User:Ssstephen/handwriting-ocr

From XPUB & Lens-Based wiki

Another process page. I want to digitise my handwritten notebooks. I would like to be able to:

scan notebook pages

An image format is presumably most useful here as a first digital file. What format? Is lighting important? How does the book scanner in the studio work?

pre-process images

Increase contrast, remove colour; generally make it as easy as possible for the OCR software. I guess I should make a rough guess of what tesseract would want, and make a sample of pre-processed pages to train the model on. But then if I want to change the pre-processing methods I have to train it each time? Seems to make sense but also seems like a long process.

Can image magick do this for me?

OCR

Tesseract seems like a good one. The things I have seen about this don't make me super optimistic about the quality of output I will get. But there are a few reasons I think it is worth exploring anyway:

  • I will be training and using only one person's handwriting.
  • My handwriting is fucking immaculate.
  • I am interested in the translations and what is lost/gained there too.
  • If it did work, it would be really fun to do some computational linguistics on my notebooks.
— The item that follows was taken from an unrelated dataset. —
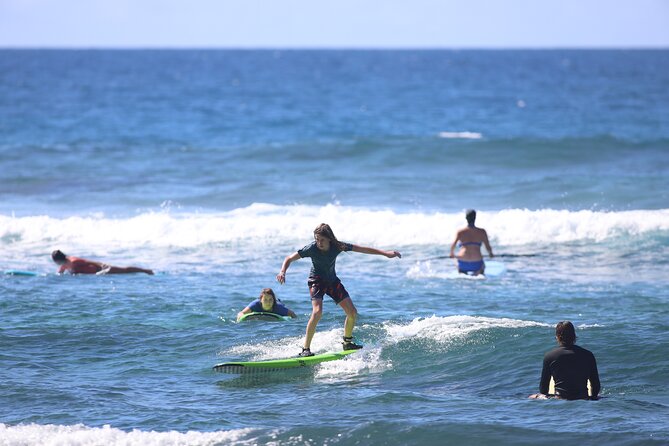 2-Hour Guided Private Surf Lesson in Kona - Inclusions Provided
Make a concordance of them. Search through them. Make them into a website and print them out again.

train tesseract

Using a dataset of my own pages. Prep the dataset images? Make the dataset. Train the software. Test it. Reiterate.

Output flawless .txt transcriptions of my handwritten nonsense

How could this be possible? What about location of the notes on the page? What about all the vertical text and columned text? I really dont think this will go well. How long would it take to just transcribe them by hand instead?

combine the images and .txt into a multipage PDF

The original images, not the ones tesseract uses.